とある釣り師の話
その方は当日、久しぶりの渓流釣りに心躍らせて自宅から片道2時間のN川へ向かっていました。
有名河川にも関わらず現地駐車場には先行者の車は止まっていませんでした。時期は6月の中頃、自宅を3時過ぎに出発したこともあってか、太陽は上りきっておらず辺りはまだ薄暗い、少しひんやりとした空気が立ち込めていました。
駐車場からすぐ入渓できることもあり早速釣り仕掛けをセットし、意気揚々と釣りを始めました。
両岸に針葉樹と広葉樹の入り混じった渓は「ザーーー一」という、川の流れる音のみで、静寂と喧騒を肌で感じる何とも言えぬ雰囲気を携えていました。

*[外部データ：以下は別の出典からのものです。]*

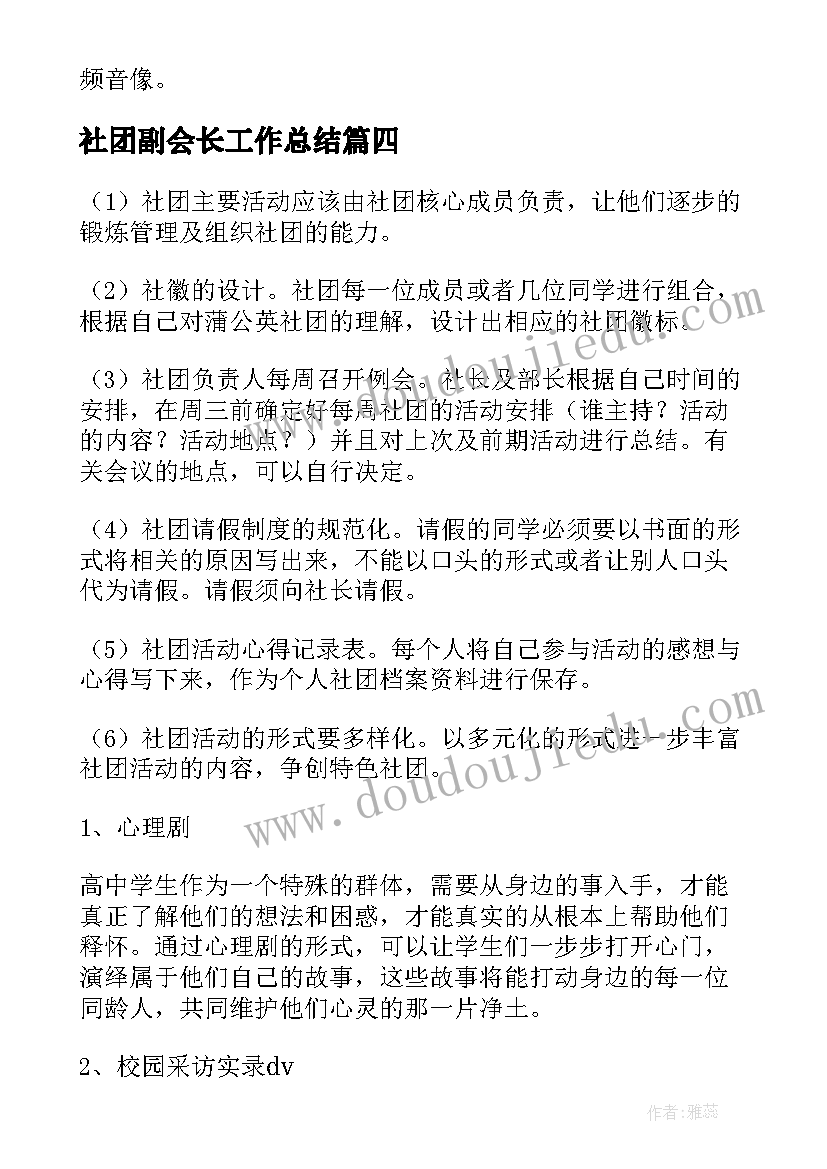 2023年社团副会长工作总结 社团工作计划(模板10篇)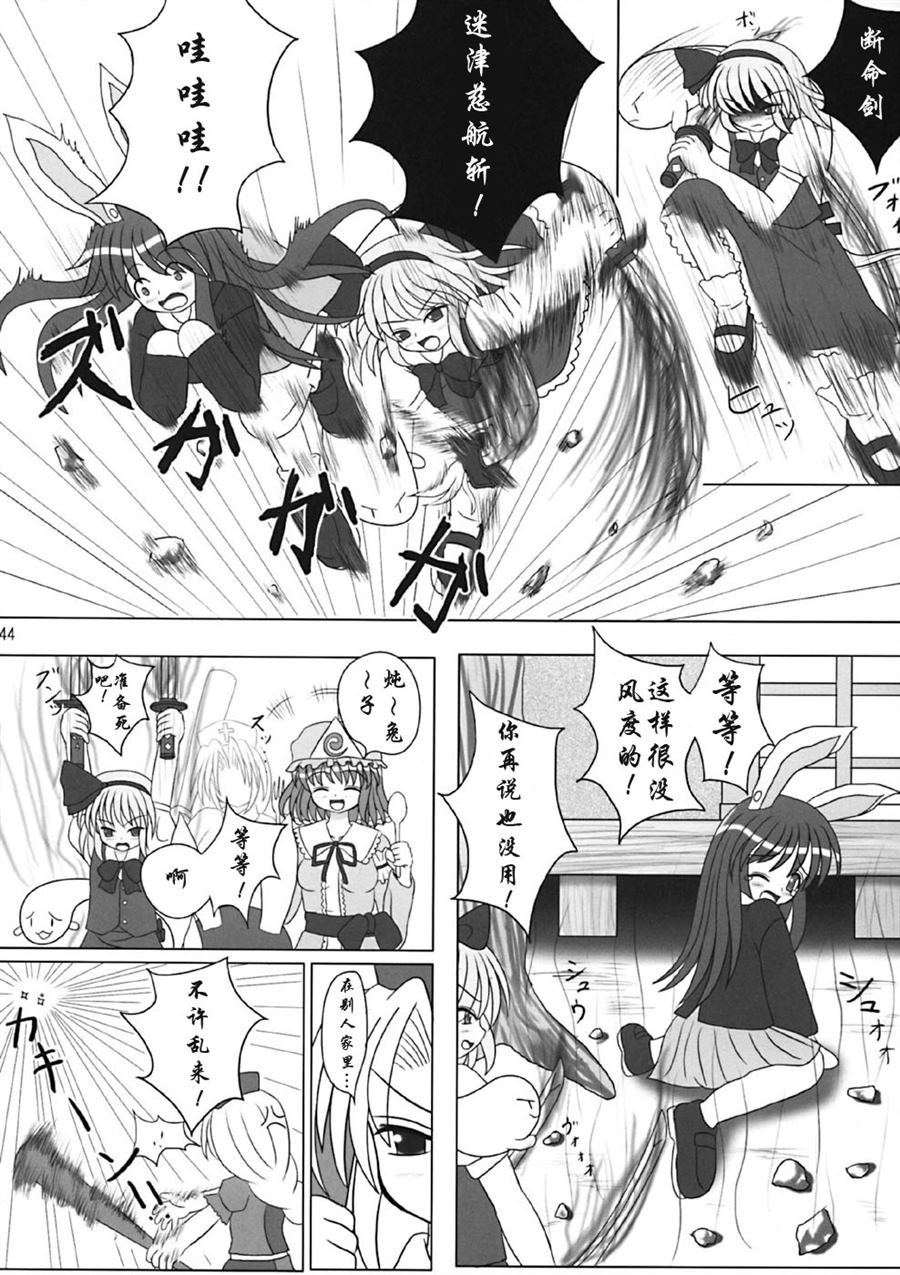 《冥走十界地》漫画最新章节第1话免费下拉式在线观看章节第【43】张图片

しばらくアタリがないまま遡行していくと、すでに太陽は昇っているものの、釣り座は左右を深い藪で覆われた何となく嫌な圧迫感を感じる景色に変わっていきました。そんな中でも釣りを続けていると、仕掛けに付けている目印が水面直下へ消し込むやいなや、そのアタリに即合わせ、魚とのやり取りの後には何とも綺麗なニッコウイワナの姿を拝むことが出来ました。
釣り上げたイワナの姿を手に取ってマジマジと見つめていると、背後の藪から「ふふふふふ」と、男とも女とも言えないくぐもった無機質な笑い声が不意に聞こえ、急な出来事に「うわぁ!」と声をあげました。
視線を藪の方へ向け神経を傾けるも、聞こえてくるのは「ザーーーー」という川の流れる音のみでした。
藪を抜ける風の音だったのか、水流が川底の岩を舐める音だったのか、はたまた得体の知れない“何か”だったのか、今となっては確かめる術はありません。
何とも言えない不気味さを感じたまま渓を後にするのでした。
古今東西渓流釣りを嗜む大抵の釣り師は奇妙な体験談の一つや二つ持っているもので、それは釣り仲間との晩酌の肴に最適です。
しかし、“アオの寒立ち”だの“送り狼”だの“岩魚坊主”だの、山にまつわる伝説的な出来事はあまりにも多く、山中での恐ろしい出来事を山岳信仰として奉った当時の人々の心境には共感せざるを得ません。